Mimi sighed, started paging through a dissolving People that had been left by her table’s previous occupant. “Fine, thanks, and you?”

“About what you said.”

Mimi paused over a homely family posed in front of their house — the damp-looking child had survived some illness — and sipped at the milk froth in her cup. Everyone was so full of stuff that it turned out they didn’t really need. How much could you clean out and still be alive? Blood, appendixes, kidneys. Mothers, fathers, love. What was it that kept her alive, if not all of these things?

“About the kidney.”

Mimi breathed in froth and coughed. The scorched milk vapored too-sweetly around her throat, bubbles clinging to cilia. “Oh, right,” she managed. “How’s that going?” She tried to make her way to the water pitcher on the counter without knocking anyone’s table with her ridiculously rotund jacket, collapsing her throat around the coughs until she poured herself a paper cup of room-temperature tap water and sucked it down. Aunt Jan was saying it was bad, oh it was very bad. The water just made Mimi cough more, and she gasped for air and honked out a goosey cough that masked, she hoped, oh how she hoped, the screeching, burning, churning fart that finally, now, erupted from her guts. It sounded like a steamboat warning another steamboat of its approach, like an animal in distress, shrieking out from her sweatpants.

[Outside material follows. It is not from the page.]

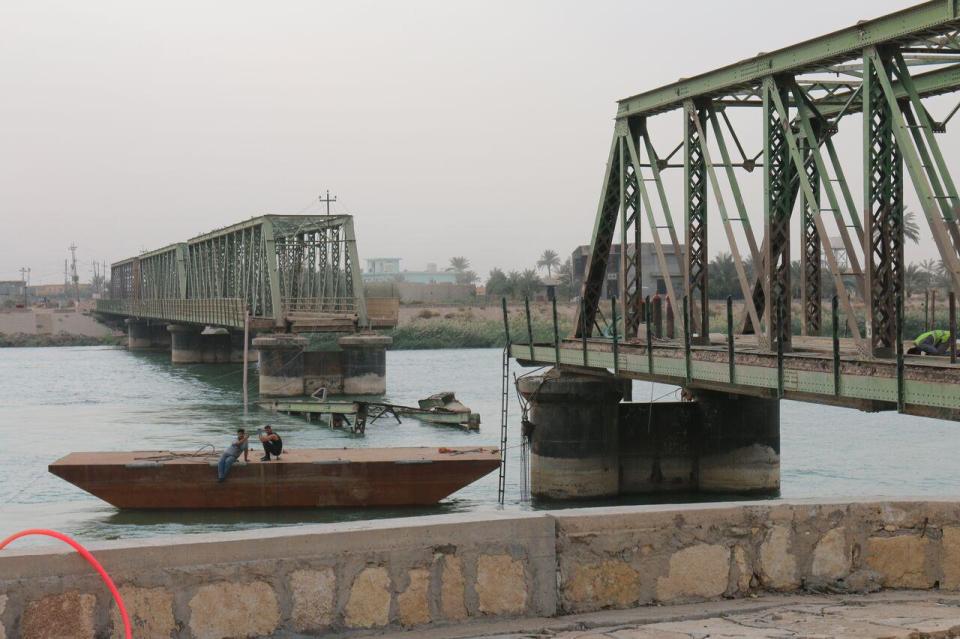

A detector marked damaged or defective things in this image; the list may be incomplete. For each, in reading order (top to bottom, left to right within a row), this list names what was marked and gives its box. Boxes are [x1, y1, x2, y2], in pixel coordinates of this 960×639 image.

rusty metal barge [50, 444, 502, 510] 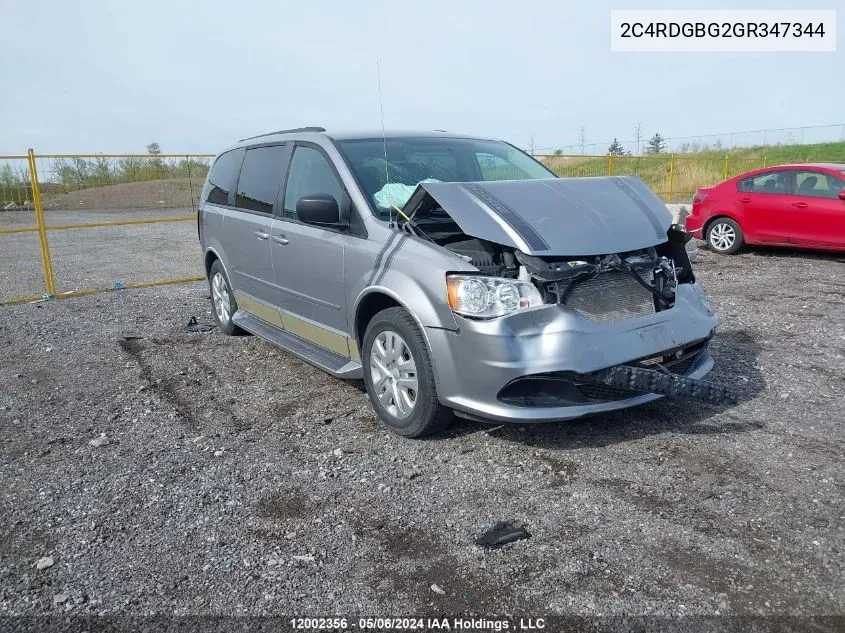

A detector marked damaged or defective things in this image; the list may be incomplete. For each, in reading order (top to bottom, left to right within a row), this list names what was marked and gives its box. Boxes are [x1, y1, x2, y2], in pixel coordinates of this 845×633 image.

damaged front end [398, 175, 736, 412]
damaged bumper [428, 282, 720, 422]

It was so hot and fumy it stung her skin.

Mimi froze. Looked around. No one had skipped a beat — the people at the cafĂ© all bent politely over their fruit smoothies and newspapers. Oh, please, please, let that not have been as loud as it had sounded, as earth shaking and cup-in-saucer rattling as she suspected! Even so, there could be no disguising that rotted stench. She thought she caught a snicker flickering across the face of a college kid on the couch by the door. “You all right there? You choking on something?” Aunt Jan asked only now, only now that the coughing fit had subsided — the way Bennett offered to help with dishes only when she had finished them all. Mimi refilled her paper cup of water, squeezing the phone between her ear and shoulder like a tiny, toneless violin, and slunk back to her table. “I’m fine, Jan.” She felt her face burning, liquefying, sliding off her skull in plasticky drips. “What did you want?”

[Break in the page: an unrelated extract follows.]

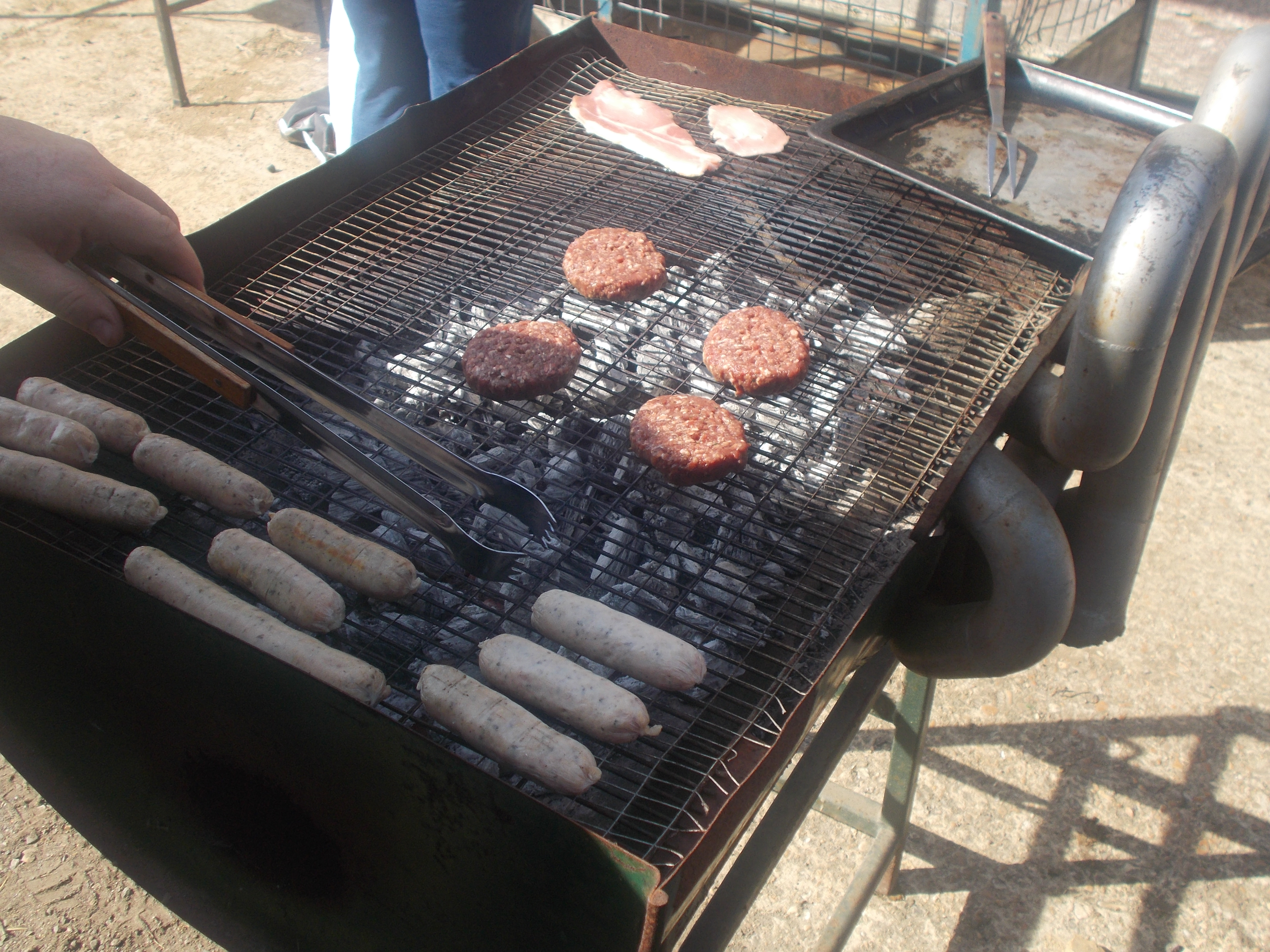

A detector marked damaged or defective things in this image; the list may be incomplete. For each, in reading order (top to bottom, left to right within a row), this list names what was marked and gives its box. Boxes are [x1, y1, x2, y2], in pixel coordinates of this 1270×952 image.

“So I talked to my doctor about it. He called you an angel. You are, you know. You’re an absolute angel. After all you’ve been through! He said we’d have to give you some time to prepare, to get well, and then we can start running all the tests. I know our blood types match — I saw your charts at the hospital — so, I don’t know, hopefully this will work. With any luck, we could be scheduling a transplant this summer.”

“Oh. Ah, good. Good!” Mimi weathered the wave of panic. Goodbye appendix, goodbye kidney. Still, she did like the idea of a test you could take to scientifically determine whether you were a good match with someone. Maybe she and Bennett could sign up, and solve this once and for all!

“Of course, I mean, they have to run the tests first to make sure we’re a good match and all of that. I can’t even tell you, oh, sweetheart. I can’t tell you how much this means to me. How much you’ve given me. If your mother were alive! Oh sweetheart, she’d be so proud of you.”

Jan now dinged something into her ear. Ding, ding, rattlewhoosh. Mimi pressed the phone closer, as if this might help her decipher this robotic new language of Jan’s. A faint thank you wafted across the line. She was at a store. Aunt Jan was calling her from a store, multitasking the guilt trip with a shopping spree.

“I have to go now,” Mimi said. “I’ll call you tonight.”

“Okay, dear. Love you,” said Aunt Jan. She had never said “Love you” to Mimi before, and now here it was, an oozy fungus sprouting orangely after the rain. Mimi didn’t know how to respond, so she just clicked the phone off. She looked down at her cappuccino. It looked dull and silly, wads of cotton posing as food.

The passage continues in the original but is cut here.